_Web page caption snippets_

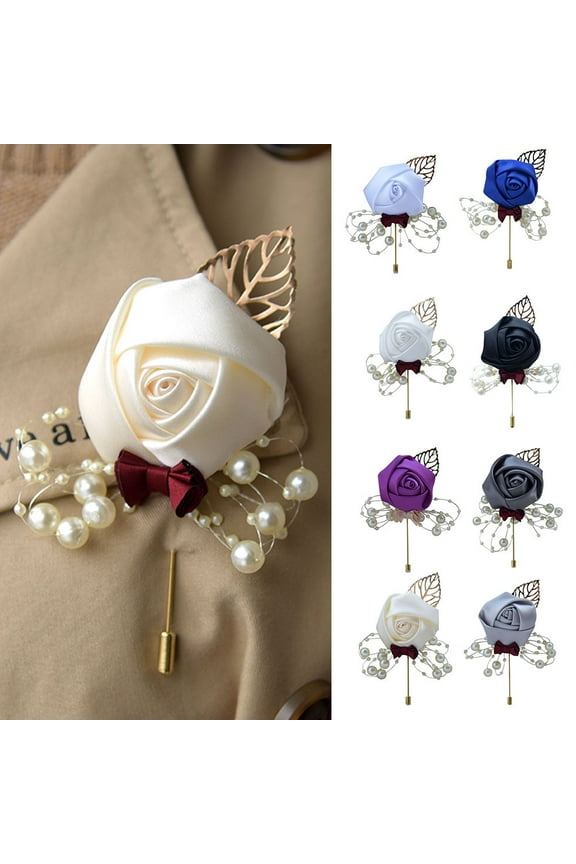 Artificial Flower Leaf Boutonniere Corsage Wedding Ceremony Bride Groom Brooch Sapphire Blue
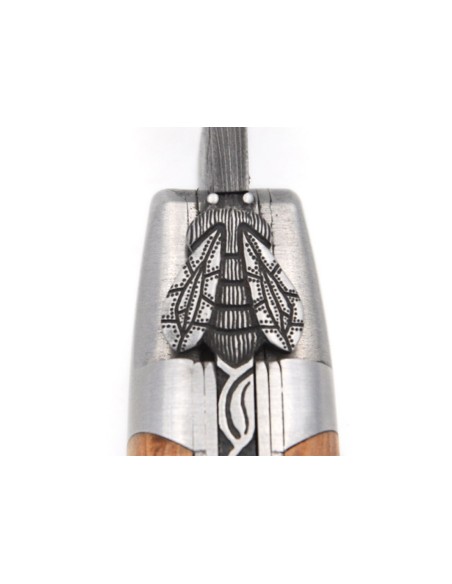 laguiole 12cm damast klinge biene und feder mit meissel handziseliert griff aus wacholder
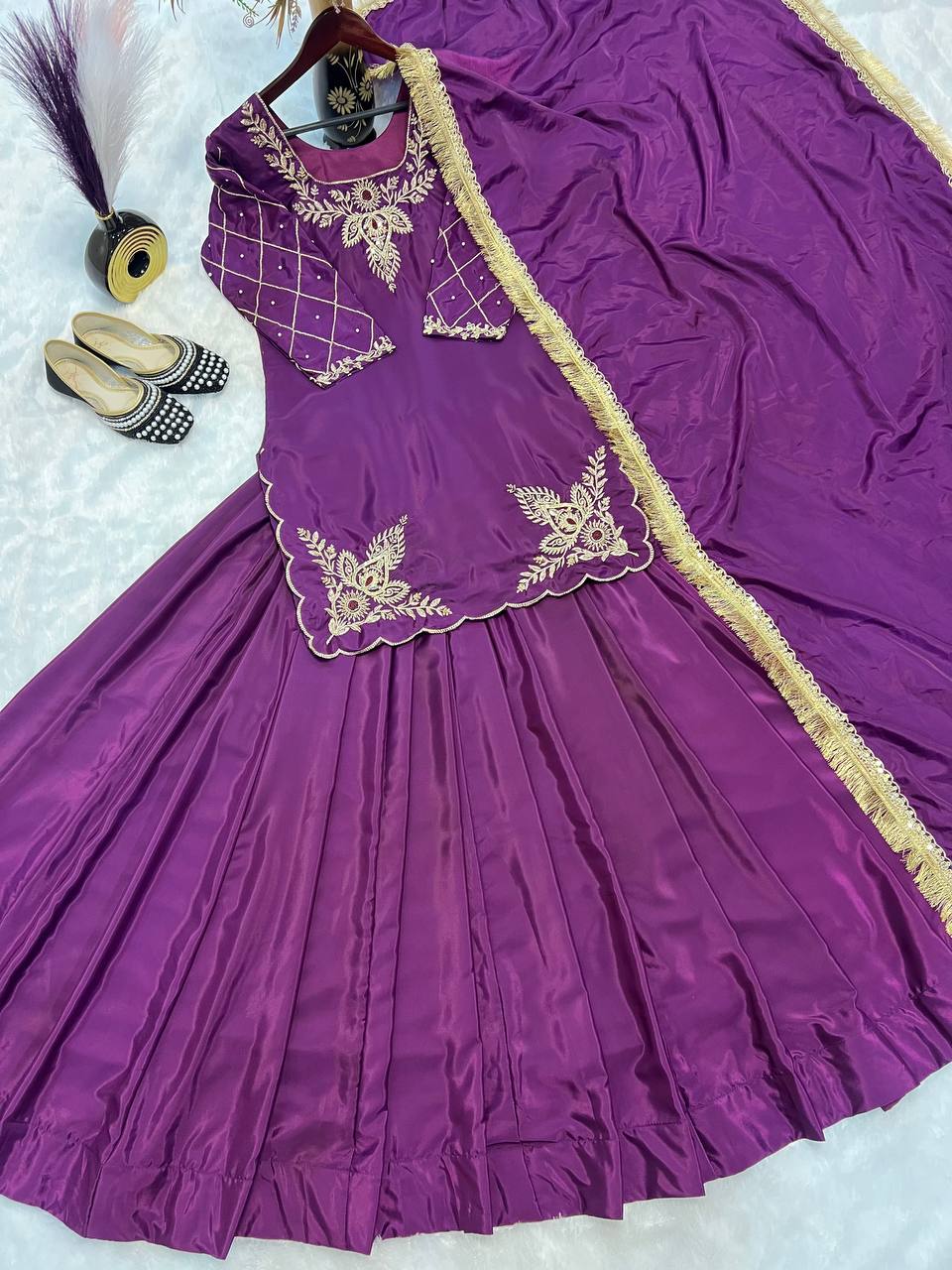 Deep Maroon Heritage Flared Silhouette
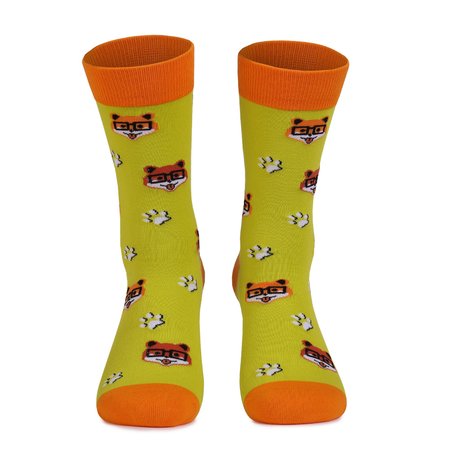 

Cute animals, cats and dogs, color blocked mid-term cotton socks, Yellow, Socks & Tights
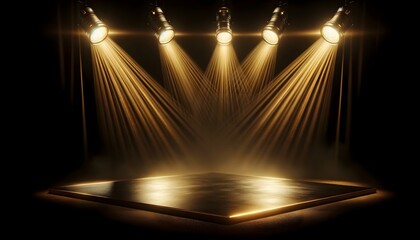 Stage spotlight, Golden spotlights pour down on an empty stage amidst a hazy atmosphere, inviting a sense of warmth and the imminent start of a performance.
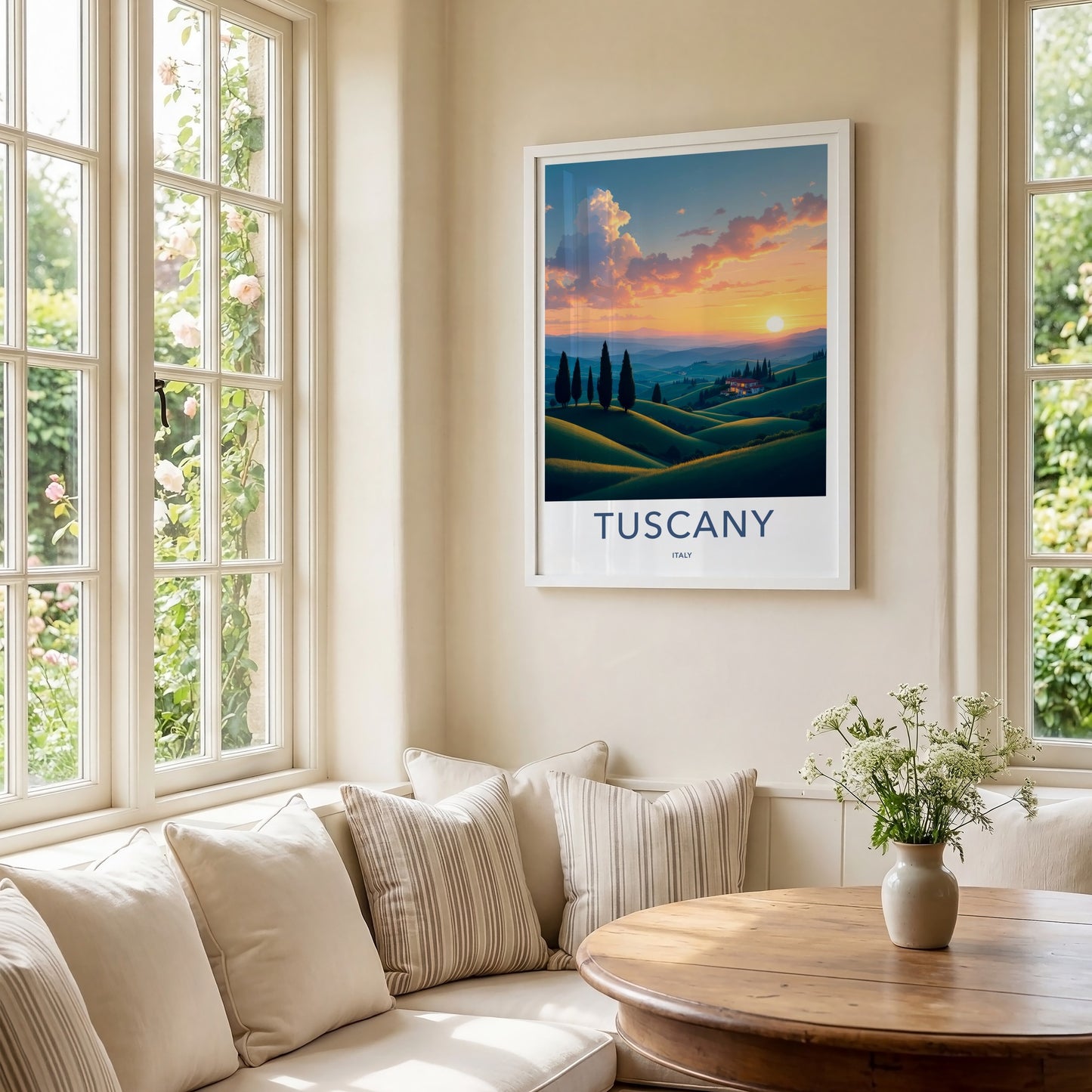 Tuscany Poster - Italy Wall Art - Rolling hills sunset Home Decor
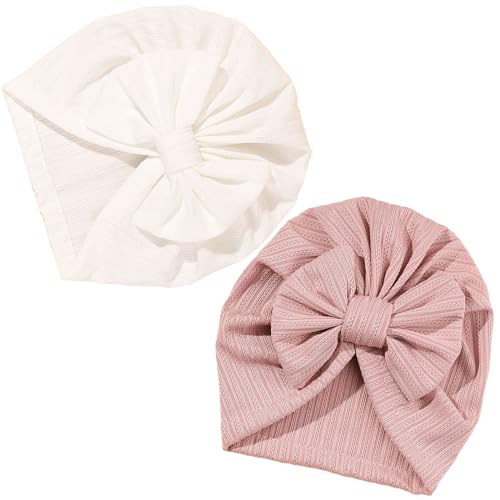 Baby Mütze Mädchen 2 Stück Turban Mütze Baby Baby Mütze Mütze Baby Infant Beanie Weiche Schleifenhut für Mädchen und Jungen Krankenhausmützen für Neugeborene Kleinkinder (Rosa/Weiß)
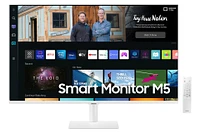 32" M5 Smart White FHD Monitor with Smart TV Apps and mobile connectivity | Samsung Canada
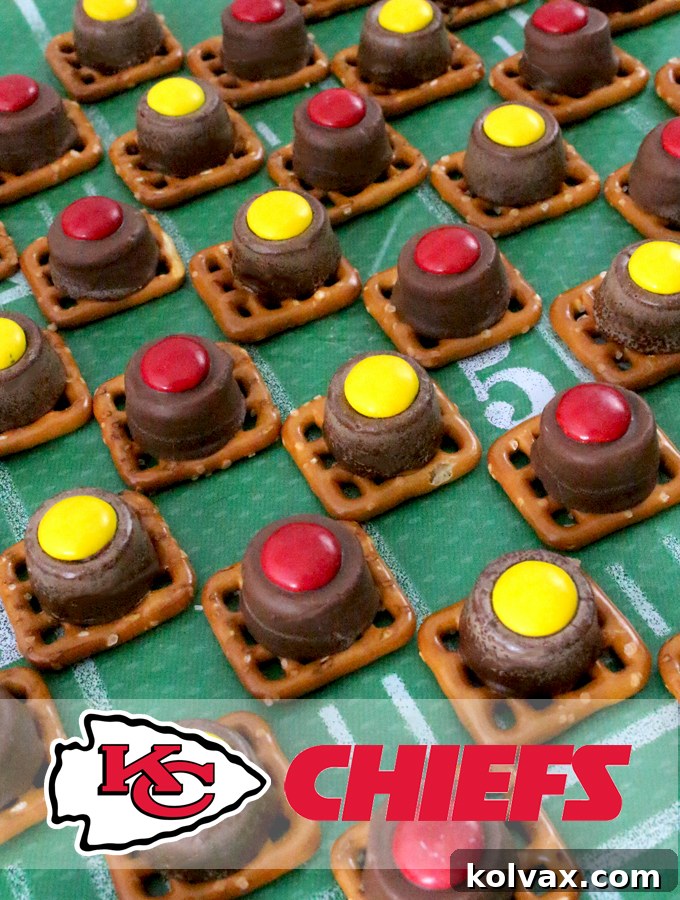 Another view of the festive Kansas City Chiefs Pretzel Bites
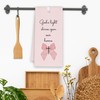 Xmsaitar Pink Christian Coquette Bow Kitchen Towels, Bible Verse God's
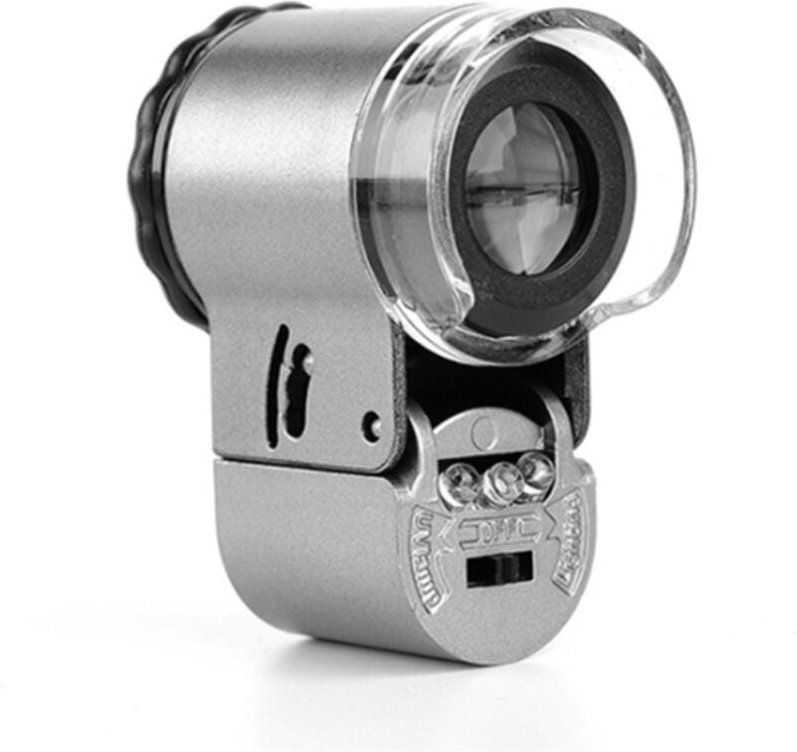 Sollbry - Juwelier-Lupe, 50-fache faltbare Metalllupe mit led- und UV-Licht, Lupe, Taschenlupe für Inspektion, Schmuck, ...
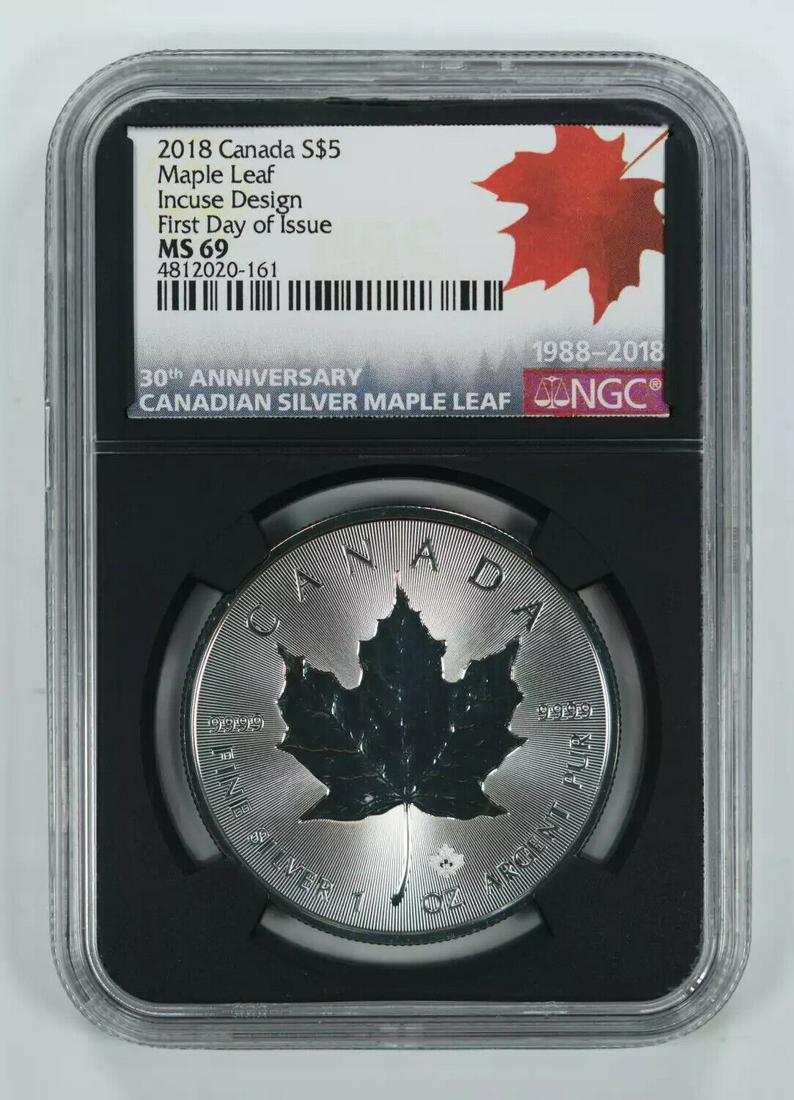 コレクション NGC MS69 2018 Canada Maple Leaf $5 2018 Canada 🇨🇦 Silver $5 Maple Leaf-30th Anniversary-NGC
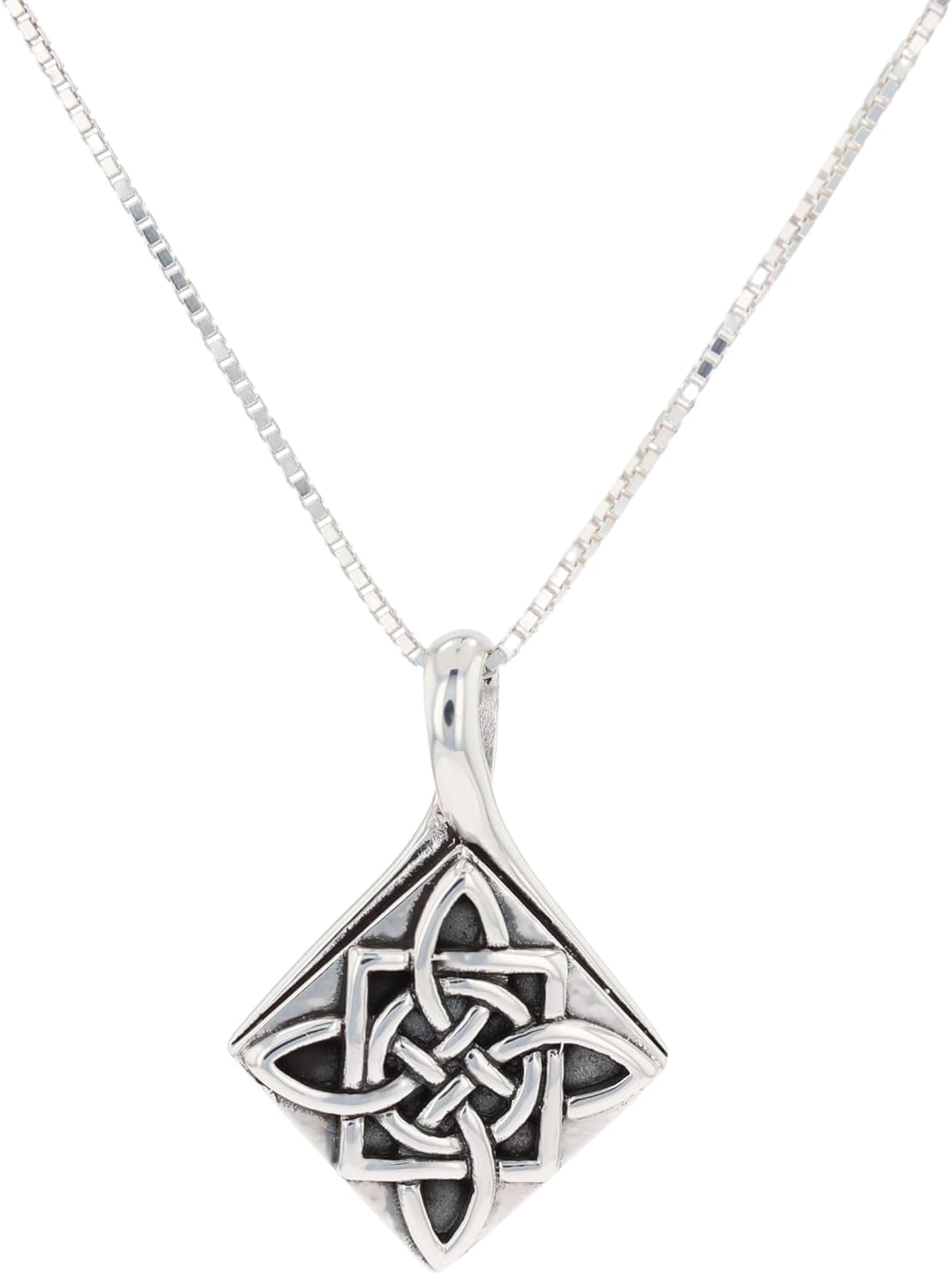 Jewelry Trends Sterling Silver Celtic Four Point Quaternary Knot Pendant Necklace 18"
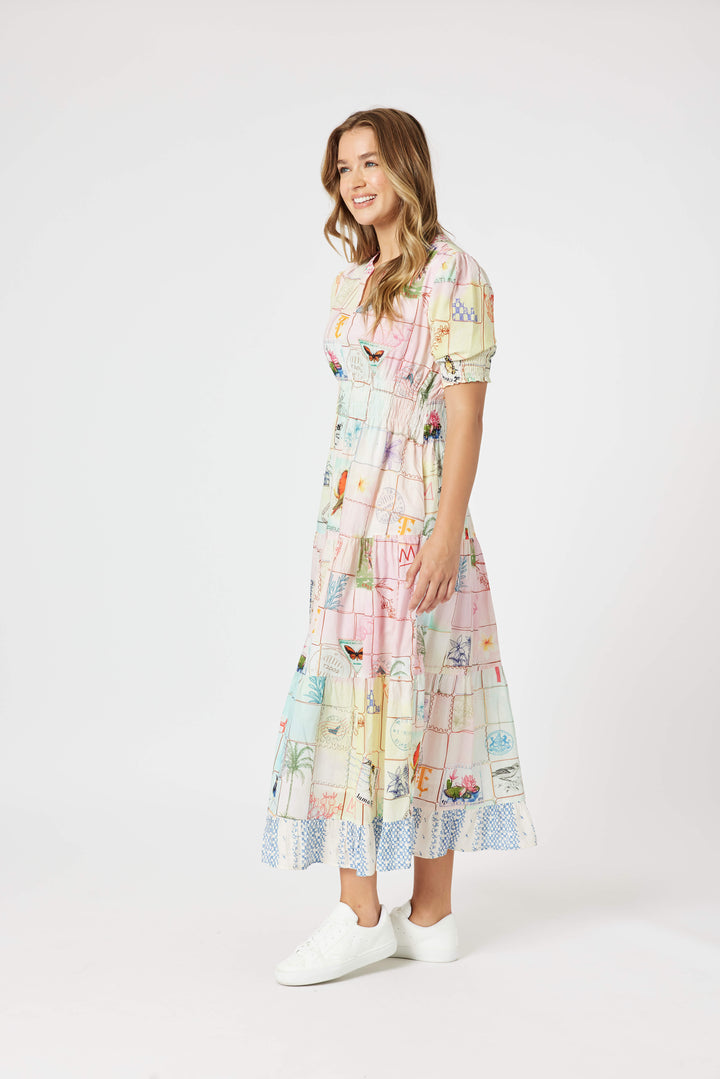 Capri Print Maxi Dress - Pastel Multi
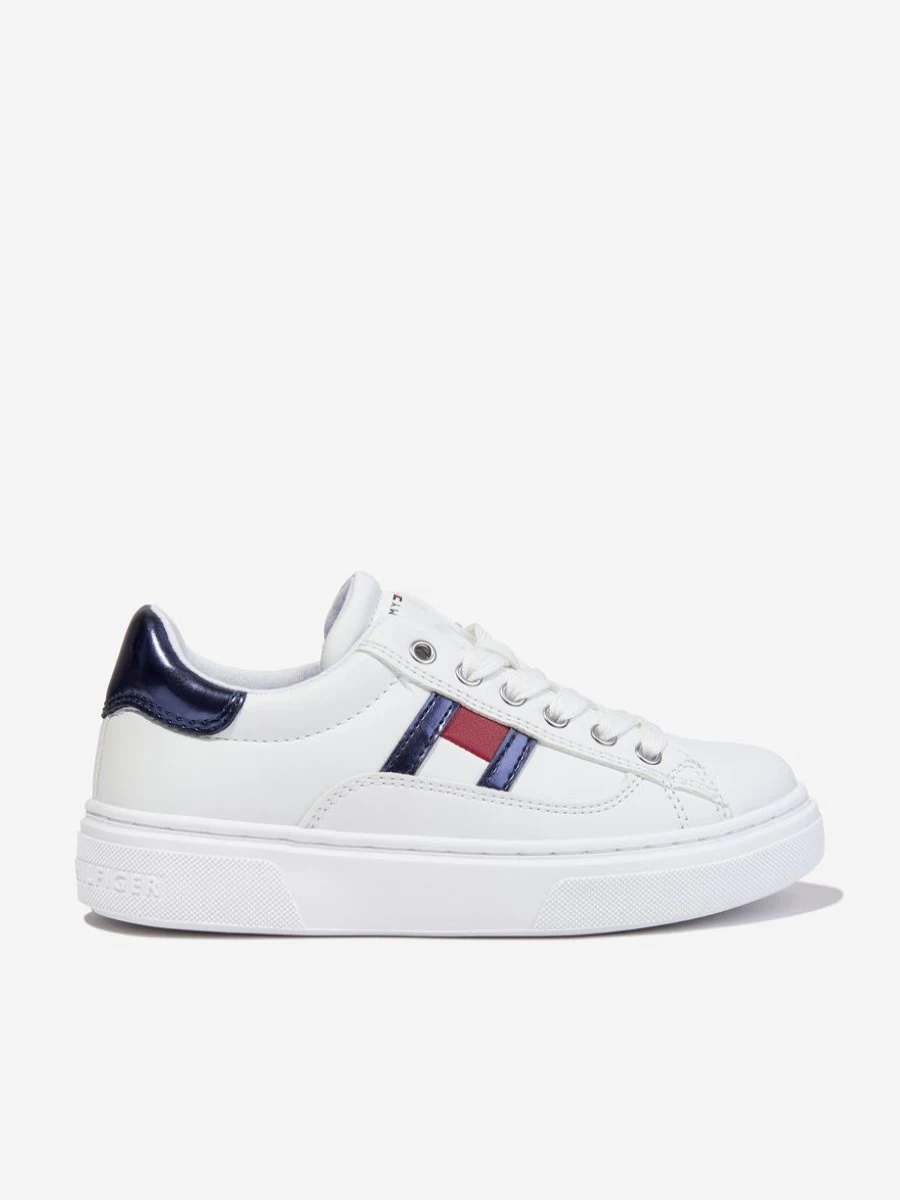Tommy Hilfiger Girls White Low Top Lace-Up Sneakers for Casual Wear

_Activity_
A word-for-word copy of all the data, without pictures, is the expected output.

_Problem solution_
 Artificial Flower Leaf Boutonniere Corsage Wedding Ceremony Bride Groom Brooch Sapphire Blue
 laguiole 12cm damast klinge biene und feder mit meissel handziseliert griff aus wacholder
 Deep Maroon Heritage Flared Silhouette

Cute animals, cats and dogs, color blocked mid-term cotton socks, Yellow, Socks & Tights
 Stage spotlight, Golden spotlights pour down on an empty stage amidst a hazy atmosphere, inviting a sense of warmth and the imminent start of a performance.
 Tuscany Poster - Italy Wall Art - Rolling hills sunset Home Decor
 Baby Mütze Mädchen 2 Stück Turban Mütze Baby Baby Mütze Mütze Baby Infant Beanie Weiche Schleifenhut für Mädchen und Jungen Krankenhausmützen für Neugeborene Kleinkinder (Rosa/Weiß)
 32" M5 Smart White FHD Monitor with Smart TV Apps and mobile connectivity | Samsung Canada
 Another view of the festive Kansas City Chiefs Pretzel Bites
 Xmsaitar Pink Christian Coquette Bow Kitchen Towels, Bible Verse God's
 Sollbry - Juwelier-Lupe, 50-fache faltbare Metalllupe mit led- und UV-Licht, Lupe, Taschenlupe für Inspektion, Schmuck, ...
 コレクション NGC MS69 2018 Canada Maple Leaf $5 2018 Canada 🇨🇦 Silver $5 Maple Leaf-30th Anniversary-NGC
 Jewelry Trends Sterling Silver Celtic Four Point Quaternary Knot Pendant Necklace 18"
 Capri Print Maxi Dress - Pastel Multi
Tommy Hilfiger Girls White Low Top Lace-Up Sneakers for Casual Wear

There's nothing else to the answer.